In my opinion, the three most important things for students to do when taking speaking exams like those that form part of IELTS, Cambridge First Certificate and BULATS are:
1. (Really) communicate
2. Think aloud
3. React how you would if you were asked the same question in L1 or in class
All three are in fact related, or even really just aspects of the most important one – (really) communicate. I’ll look at them in reverse order before looking at real communication in more detail.
React how you would if you were asked the same question in L1 or in class
Note that this doesn’t mean say whatever you would say in L1, as there are plenty of things which are untranslatable. There are also cultural differences such as English speakers making more effort than speakers of many other languages to avoid repetition in the language they use. This is why I’ve written “React how you would…” rather than “Say what you would…” A good example of this is my advice when students ask me “How long should my answer be?” If someone asked you “Do you have a large family?” outside a speaking exam, you’d be very unlikely to answer either “Yes” or “I have two older brothers and one younger sister. My eldest brother in called John and he loves the Ferrari F1 team…”, and students shouldn’t do either of those things in a speaking exam either. This is often related to the “(really) communicate” point, because neither response (especially “Yes”) is really the answer that they were asking for and therefore not really communicating. In the same way, a teenager who responds to “Did you have a good day at school?” with “Yes” is in fact trying to avoid communicating anything!
Another example of this is formality. Even Academic English exams like IELTS don’t specify a level of formality, and students are much more likely to make the mistake of using overformal written forms than to do the two informal language slips which really do cross a line – offending the examiner and swearing. As students are unlikely to do those two things in class either, just keeping this “React how you would…” tip in mind should deal with formality problems at both ends.
Students also often ask me “What should I do if I couldn’t answer the question even in Spanish/ Japanese/ Korean/…?”, to which my answer is “Say so, just as you would in Spanish/ Japanese/ Korean/…, or if your classmate asked you the question”. Which leads us onto my next point…
Another cultural difference is how much silence is considered acceptable in conversation. Unlike Japanese and Finnish speakers, for example, English speakers tend to keep silences down to less than a second, though there are considerable variations between regions and speakers. For speaking exams (and international communication more generally), however, it is much more useful to think of silence as a lost opportunity to communicate than as a cultural difference. Rather than filling silence with generic and repetitive phrases like “Let me think” and “Let me see”, students should simply think aloud, communicating that they are thinking “I’ve never thought about that before” and “If the question means… then…”, adding a “but” plus an attempt at answering the question to the former.
As well as the tips on real communication above, students should:
- Communicate as much as they can about what they don’t understand when there are (potential) comprehension problems, e.g. “I didn’t understand the last part of the question” rather than “I don’t understand” and “You said something like ‘mamble’ which I didn’t catch” rather than “Pardon?”

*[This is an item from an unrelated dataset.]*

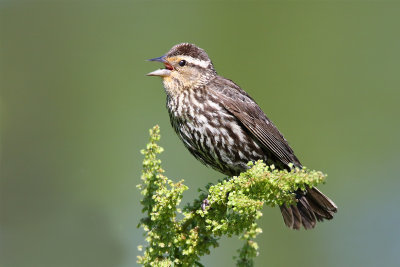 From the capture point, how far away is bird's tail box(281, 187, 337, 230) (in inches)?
181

- Only correct themselves when what they said could cause a communication breakdown
- Not tell the examiner anything they are likely to know, for example saying “I’m going to talk about what I did with my parents on my tenth birthday” rather than “I’m going to talk about a celebration” (which the examiner knows because it is written on the card) in IELTS Speaking Part Two.
- Not lie just to make it easier to answer the question.

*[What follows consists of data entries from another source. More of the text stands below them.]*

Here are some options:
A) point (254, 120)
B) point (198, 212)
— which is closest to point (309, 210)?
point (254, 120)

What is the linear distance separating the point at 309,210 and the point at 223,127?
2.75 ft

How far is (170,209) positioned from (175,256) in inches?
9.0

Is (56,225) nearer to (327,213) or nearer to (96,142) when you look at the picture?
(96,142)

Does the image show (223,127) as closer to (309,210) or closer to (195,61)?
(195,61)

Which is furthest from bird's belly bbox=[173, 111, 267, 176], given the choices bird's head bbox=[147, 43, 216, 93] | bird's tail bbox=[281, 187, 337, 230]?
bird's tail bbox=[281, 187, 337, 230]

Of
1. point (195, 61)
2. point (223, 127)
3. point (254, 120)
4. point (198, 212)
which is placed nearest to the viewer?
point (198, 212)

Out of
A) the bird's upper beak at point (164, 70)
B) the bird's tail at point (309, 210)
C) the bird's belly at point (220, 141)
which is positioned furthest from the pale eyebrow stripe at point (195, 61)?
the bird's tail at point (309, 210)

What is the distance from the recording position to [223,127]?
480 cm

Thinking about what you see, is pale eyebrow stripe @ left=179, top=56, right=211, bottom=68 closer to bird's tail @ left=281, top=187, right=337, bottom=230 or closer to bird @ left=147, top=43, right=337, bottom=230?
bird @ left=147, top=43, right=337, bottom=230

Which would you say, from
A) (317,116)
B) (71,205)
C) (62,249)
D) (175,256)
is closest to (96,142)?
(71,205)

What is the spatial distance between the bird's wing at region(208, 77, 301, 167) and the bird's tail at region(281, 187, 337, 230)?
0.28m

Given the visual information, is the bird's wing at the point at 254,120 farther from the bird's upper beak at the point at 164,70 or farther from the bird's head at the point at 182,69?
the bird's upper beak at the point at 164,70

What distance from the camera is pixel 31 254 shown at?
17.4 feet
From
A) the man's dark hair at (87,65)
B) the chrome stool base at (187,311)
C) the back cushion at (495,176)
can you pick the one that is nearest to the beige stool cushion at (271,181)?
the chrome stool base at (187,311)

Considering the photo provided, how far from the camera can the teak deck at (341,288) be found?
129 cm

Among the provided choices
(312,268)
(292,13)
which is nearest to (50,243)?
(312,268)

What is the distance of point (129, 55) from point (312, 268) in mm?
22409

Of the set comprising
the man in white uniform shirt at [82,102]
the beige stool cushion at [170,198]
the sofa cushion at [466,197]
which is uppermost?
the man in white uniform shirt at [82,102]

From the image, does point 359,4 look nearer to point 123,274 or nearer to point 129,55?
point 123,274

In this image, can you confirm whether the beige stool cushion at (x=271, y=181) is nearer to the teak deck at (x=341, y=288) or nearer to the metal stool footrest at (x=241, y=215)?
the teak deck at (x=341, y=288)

Perhaps the most difficult question I get from my students is how much they should push themselves to use more high level language such as phrasal verbs during the speaking exam. As most of most students lack fluency at least as much as other important factors like accuracy and complex language, in my opinion thinking about communicating their ideas as clearly as they can is quite enough to concentrate on during an exam. Speaking exams are anyway increasingly moving towards describing high level speakers in terms of what they can do with the language more than how complex it is. There are exceptions, however, including students who got good fluency from chatting in English with people their own age but tend to communicate well with quite basic language. This is most common in people who picked up most of their language when they were younger (e.g. growing up abroad) at a time when their topics of conversation were limited. That small group of students should probably consciously push themselves to use more complex language during the speaking exam.

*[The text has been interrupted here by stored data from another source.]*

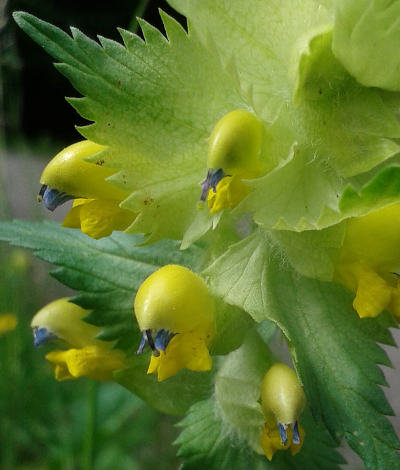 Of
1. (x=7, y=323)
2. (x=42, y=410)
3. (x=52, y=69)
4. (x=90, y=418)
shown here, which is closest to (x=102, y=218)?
(x=90, y=418)

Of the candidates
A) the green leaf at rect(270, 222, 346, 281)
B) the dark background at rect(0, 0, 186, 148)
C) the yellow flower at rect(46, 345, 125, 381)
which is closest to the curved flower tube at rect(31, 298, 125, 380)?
the yellow flower at rect(46, 345, 125, 381)

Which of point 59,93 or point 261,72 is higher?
point 261,72

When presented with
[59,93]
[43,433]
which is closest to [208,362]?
[43,433]

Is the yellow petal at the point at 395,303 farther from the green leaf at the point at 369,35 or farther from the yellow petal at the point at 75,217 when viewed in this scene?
the yellow petal at the point at 75,217

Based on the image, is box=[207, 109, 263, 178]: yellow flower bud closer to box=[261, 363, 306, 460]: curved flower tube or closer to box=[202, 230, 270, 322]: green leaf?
box=[202, 230, 270, 322]: green leaf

Concentrating on communication is also a good way of deciding what should be taught in class too, with communication in this case mainly meaning language that helps students say something they couldn’t (exactly) say before. However, classroom speaking is also a good time for students to push themselves to use more complex language. It can also be worth students who have okay fluency working on trying to reduce the number of basic grammatical errors, meaning the kinds that they know really and could easily correct in their writing. The three tips of this article are therefore mainly limited to actually during the exam, although the last few practice sessions just before the exam should also be done in the same way.